The more simple the process the more likely that a business can survive on a consumer device. The more complex the workflow the less likely that a consumer device can accommodate the solution effectively. Consumer devices, even the most complex, are generally designed for single-threaded workflows such as taking a picture, making a phone call or searching the Web. A more robust platform is needed the moment these functions start to converge in a workflow that uses additional functions, such as data capture and database lookups over the Internet. This is especially true considering that this convergence of activities for some workflows may happen 30 to 300 times a day in enterprise operations.

To summarize: if the workflow calls for minimal interaction with the user during the workday and is more of a failsafe communications tool used in the case of a rare exception event, a consumer-based, user-owned device may be acceptable. If mobile needs include frequent interaction, reliable integration with back office systems and enterprise level solutions availability, then an industrial, corporate-managed solution is likely a more appropriate choice. The key factors to consider are summarized in the following sections.

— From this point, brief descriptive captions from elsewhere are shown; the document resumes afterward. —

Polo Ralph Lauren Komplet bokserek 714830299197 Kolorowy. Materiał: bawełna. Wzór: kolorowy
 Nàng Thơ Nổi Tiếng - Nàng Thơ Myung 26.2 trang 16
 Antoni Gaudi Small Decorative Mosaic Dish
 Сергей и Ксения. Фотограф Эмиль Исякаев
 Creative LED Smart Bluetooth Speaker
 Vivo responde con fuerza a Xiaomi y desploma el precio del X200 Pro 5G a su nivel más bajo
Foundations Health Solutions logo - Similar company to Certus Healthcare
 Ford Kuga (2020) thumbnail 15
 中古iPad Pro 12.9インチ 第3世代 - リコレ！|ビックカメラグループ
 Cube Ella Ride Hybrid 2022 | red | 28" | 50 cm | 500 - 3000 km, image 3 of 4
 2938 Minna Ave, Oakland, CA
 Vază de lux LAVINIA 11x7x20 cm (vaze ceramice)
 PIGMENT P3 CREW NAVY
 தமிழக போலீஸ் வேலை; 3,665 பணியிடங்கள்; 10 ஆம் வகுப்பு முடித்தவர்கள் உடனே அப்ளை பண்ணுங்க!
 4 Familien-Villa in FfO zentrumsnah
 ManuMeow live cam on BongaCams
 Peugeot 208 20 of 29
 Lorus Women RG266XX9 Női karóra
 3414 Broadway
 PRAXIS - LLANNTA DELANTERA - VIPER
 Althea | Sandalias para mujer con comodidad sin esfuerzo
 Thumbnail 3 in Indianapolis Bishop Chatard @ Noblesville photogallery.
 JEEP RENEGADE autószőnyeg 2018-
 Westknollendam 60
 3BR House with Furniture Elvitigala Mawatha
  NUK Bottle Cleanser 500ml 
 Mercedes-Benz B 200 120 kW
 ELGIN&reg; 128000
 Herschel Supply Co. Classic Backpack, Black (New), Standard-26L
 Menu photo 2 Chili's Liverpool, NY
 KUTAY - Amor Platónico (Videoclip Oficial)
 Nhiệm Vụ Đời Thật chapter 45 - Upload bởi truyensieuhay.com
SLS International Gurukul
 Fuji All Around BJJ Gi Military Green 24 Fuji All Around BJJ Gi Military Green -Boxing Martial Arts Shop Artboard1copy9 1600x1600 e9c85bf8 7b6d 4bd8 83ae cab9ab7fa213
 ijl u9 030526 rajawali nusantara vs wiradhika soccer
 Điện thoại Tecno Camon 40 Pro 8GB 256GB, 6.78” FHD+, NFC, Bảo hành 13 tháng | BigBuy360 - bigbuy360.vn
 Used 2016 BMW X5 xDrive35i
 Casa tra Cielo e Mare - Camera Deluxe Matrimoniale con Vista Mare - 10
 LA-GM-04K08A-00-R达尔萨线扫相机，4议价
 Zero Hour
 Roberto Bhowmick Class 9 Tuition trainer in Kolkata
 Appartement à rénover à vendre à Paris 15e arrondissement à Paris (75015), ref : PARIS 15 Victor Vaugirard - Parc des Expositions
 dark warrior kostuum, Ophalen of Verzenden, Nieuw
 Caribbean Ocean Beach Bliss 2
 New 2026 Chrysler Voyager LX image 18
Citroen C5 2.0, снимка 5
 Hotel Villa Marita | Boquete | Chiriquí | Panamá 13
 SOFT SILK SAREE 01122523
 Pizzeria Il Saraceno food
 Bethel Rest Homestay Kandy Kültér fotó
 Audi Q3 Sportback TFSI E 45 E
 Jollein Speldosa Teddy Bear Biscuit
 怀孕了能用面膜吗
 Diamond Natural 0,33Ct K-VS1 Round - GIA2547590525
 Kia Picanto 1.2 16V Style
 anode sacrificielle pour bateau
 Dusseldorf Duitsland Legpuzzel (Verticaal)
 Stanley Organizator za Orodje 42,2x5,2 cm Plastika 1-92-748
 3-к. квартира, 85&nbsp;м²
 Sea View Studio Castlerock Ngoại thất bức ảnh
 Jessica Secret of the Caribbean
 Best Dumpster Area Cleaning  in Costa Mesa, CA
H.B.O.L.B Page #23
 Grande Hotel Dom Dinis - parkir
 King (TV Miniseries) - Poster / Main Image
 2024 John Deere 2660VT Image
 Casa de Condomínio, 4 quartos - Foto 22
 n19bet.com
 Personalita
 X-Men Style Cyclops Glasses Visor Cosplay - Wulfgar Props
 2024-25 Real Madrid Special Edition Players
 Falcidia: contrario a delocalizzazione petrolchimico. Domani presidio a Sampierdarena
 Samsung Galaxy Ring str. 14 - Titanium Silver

BYOD Can Be Effective When…

  • Users have minimal interaction with the device
  • Mobile device is a fallback communication tool rather than a primary work tool
  • Mobile workers and/or applications do not need frequent interaction with back office systems
  • There is little or no use of automated data collection features and peripherals
  • Legacy applications are Web-based and will not require redevelopment

BYOD Is Probably Inappropriate If…

  • Barcode or other automated data collection is fundamental to efficient work processes
  • Software is optimized for data collection devices, e.g. to take advantage of scan data entry
  • Workflows or mobile applications depend on interaction with enterprise systems
  • Devices are commonly used in outdoor, industrial and non-office environments;
  • Software and tech support resources are limited’
  • Specialized mobile applications are supported
  • Device failure will cause prevent workers from completing their primary tasks

Conclusion

When mobile devices are not essential to complete primary work tasks there is a lot of flexibility in the devices that can be used. That is why BYOD took root among office-based and occasionally connected mobile workers. Now BYOD interest is spreading to mobile workers who perform specialized tasks, where there is a less clear value proposition. Enterprises are finding themselves having to make the decision of giving workers what they want, or giving them what they need.

The BYOD value proposition for specialty mobile environments is not clear cut because downtime, service and software development costs may all be higher compared to general-use environments where workers run common business applications and can continue working if their mobile devices are unavailable. A BYOD cost-benefit analysis must look at factors other than hardware savings and address software and support considerations.

Even with comprehensive analysis the costs and value of specific device can still be hard to fully measure. The value of mobile automation initiatives comes from having consistent, optimized work processes. Mobile devices are often essential enabling tools for optimized work processes, so failing to take full advantage of their specialized features and capabilities undermines the value of mobile automation.